How to complete this task:
Copy word for word, please, the lines of the entries below running from the one containing "Oro Laminado Leverback" to the one containing "A promotional banner", both ends included.

***** Provided data

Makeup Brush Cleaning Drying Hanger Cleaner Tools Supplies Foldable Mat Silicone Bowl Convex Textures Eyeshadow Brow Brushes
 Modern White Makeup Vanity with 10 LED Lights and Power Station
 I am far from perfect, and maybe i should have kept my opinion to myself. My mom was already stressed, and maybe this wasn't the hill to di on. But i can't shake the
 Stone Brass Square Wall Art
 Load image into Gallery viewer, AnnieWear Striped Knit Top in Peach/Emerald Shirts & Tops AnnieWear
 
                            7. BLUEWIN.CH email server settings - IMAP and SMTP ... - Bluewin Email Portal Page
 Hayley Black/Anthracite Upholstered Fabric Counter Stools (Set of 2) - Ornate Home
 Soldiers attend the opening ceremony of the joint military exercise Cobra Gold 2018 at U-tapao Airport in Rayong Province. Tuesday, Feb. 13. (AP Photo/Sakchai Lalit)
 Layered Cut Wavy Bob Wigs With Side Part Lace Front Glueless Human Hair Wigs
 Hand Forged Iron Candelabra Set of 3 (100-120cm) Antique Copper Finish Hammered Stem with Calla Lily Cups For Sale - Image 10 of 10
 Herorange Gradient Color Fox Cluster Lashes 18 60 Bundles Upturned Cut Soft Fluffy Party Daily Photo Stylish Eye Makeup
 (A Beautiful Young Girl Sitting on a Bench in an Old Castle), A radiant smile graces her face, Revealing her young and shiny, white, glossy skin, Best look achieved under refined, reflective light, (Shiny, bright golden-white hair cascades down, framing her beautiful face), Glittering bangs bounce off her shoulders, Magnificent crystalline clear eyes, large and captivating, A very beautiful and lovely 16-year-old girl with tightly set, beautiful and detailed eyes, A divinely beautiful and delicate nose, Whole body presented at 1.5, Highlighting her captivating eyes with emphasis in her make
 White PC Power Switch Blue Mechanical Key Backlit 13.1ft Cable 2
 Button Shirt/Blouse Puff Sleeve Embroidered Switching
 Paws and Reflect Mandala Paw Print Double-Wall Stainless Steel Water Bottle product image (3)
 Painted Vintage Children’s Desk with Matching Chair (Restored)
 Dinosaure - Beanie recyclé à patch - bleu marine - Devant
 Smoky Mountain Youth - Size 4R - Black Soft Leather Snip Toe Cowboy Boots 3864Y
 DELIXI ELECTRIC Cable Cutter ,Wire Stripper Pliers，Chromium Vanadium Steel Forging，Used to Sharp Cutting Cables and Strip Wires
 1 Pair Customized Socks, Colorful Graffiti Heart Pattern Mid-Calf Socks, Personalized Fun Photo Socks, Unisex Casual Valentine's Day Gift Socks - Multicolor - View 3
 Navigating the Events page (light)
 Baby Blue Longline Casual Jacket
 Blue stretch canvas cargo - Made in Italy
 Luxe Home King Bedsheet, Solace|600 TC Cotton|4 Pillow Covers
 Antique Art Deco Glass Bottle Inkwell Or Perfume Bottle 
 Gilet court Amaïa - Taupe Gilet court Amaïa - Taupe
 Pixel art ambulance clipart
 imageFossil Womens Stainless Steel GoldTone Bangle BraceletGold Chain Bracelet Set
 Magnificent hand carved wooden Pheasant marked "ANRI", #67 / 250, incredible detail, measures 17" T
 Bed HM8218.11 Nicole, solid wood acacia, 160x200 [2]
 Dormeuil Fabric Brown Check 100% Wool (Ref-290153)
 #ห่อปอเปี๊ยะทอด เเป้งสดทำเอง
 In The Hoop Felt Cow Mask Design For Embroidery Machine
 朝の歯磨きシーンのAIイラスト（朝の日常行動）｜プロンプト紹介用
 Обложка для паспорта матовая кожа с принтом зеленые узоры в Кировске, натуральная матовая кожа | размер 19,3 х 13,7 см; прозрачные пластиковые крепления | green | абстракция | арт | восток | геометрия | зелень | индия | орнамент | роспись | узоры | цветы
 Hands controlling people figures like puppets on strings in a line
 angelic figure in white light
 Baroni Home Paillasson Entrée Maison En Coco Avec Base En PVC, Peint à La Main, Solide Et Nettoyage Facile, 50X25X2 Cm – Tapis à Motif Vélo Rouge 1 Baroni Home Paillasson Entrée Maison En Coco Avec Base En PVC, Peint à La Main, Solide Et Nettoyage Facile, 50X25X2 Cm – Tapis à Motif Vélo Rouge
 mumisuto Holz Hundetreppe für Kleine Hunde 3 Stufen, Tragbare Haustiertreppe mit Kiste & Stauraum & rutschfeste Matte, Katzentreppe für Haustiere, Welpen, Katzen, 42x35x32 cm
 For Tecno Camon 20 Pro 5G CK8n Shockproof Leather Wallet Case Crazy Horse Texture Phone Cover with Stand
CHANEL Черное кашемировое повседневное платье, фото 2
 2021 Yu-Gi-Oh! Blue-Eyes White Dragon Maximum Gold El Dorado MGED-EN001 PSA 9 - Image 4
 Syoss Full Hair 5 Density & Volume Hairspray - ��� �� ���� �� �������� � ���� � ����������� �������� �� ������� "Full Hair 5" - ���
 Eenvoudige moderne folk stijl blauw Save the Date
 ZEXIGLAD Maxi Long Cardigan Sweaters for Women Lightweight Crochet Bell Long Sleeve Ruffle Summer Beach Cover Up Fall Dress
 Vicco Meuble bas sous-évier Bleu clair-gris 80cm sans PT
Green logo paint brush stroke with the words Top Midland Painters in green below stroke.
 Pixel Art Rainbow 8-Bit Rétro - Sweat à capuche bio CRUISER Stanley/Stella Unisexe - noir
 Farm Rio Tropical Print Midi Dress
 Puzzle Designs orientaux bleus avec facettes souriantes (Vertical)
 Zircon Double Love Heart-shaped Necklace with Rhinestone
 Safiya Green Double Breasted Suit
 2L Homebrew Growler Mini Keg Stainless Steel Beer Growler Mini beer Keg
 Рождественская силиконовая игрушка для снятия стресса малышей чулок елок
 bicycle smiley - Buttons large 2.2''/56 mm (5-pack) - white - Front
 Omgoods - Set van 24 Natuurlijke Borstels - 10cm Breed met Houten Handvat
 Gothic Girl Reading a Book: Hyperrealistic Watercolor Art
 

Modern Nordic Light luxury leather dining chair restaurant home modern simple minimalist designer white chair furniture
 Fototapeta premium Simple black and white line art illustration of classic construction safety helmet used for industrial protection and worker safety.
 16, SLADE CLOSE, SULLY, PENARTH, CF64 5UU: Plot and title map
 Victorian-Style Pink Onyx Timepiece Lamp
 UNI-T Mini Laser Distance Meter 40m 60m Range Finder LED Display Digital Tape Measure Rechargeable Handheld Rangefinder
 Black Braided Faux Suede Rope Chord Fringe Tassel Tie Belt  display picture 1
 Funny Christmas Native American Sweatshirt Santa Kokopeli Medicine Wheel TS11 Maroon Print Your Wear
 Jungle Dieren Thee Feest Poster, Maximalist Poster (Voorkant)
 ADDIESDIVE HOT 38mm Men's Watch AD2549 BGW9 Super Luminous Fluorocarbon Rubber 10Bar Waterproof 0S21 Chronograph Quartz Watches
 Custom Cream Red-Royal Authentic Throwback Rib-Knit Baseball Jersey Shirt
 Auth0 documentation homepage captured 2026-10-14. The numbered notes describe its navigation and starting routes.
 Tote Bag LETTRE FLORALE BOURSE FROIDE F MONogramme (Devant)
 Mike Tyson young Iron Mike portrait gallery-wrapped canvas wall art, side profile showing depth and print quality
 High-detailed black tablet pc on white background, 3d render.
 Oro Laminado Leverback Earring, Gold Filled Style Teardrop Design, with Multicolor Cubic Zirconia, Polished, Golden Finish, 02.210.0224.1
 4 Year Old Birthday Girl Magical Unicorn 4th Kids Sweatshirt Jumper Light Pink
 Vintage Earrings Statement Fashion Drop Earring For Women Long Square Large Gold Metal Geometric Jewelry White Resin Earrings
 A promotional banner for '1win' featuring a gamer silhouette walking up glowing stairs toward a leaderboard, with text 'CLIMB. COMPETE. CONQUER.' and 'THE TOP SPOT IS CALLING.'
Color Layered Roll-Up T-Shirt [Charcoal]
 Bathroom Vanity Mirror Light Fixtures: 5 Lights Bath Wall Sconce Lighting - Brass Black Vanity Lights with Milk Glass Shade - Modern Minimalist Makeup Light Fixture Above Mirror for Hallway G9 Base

**********

Answer below:
 Oro Laminado Leverback Earring, Gold Filled Style Teardrop Design, with Multicolor Cubic Zirconia, Polished, Golden Finish, 02.210.0224.1
 4 Year Old Birthday Girl Magical Unicorn 4th Kids Sweatshirt Jumper Light Pink
 Vintage Earrings Statement Fashion Drop Earring For Women Long Square Large Gold Metal Geometric Jewelry White Resin Earrings
 A promotional banner for '1win' featuring a gamer silhouette walking up glowing stairs toward a leaderboard, with text 'CLIMB. COMPETE. CONQUER.' and 'THE TOP SPOT IS CALLING.'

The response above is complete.